(Beginning of Supplied material)

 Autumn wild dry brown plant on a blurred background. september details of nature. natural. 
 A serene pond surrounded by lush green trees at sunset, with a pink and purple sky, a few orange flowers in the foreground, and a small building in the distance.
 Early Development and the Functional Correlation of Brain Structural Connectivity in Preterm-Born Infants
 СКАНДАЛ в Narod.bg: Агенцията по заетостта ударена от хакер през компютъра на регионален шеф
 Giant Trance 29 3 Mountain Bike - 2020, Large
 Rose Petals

(End of Supplied material)
(Beginning of Supplied material)

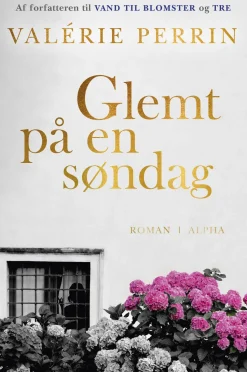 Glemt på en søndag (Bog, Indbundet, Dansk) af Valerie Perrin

(End of Supplied material)
(Beginning of Supplied material)

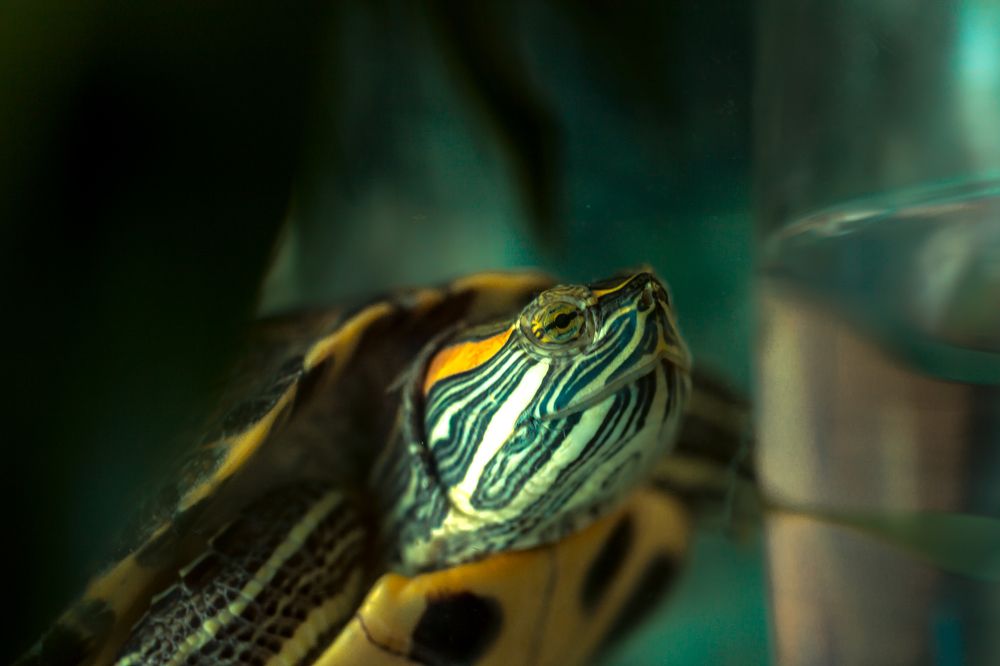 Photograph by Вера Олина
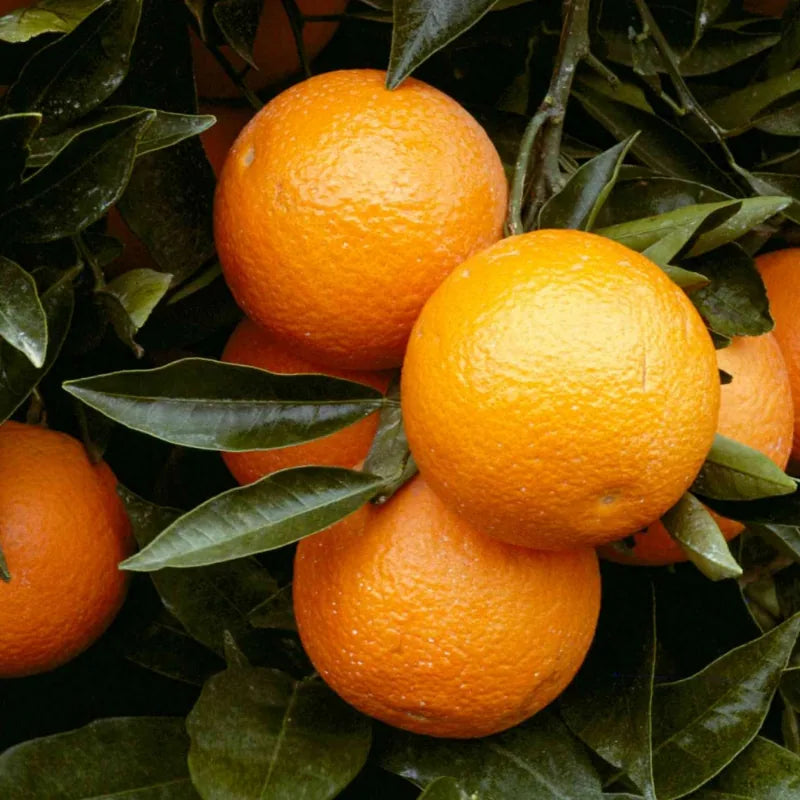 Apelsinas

(End of Supplied material)

Activity: In the listing above, locate the line containing "Giant Trance 29" and the line containing "Rose Petals". Transcribe those two lines and everything between them, exactly as written.

Answer section:
 Giant Trance 29 3 Mountain Bike - 2020, Large
 Rose Petals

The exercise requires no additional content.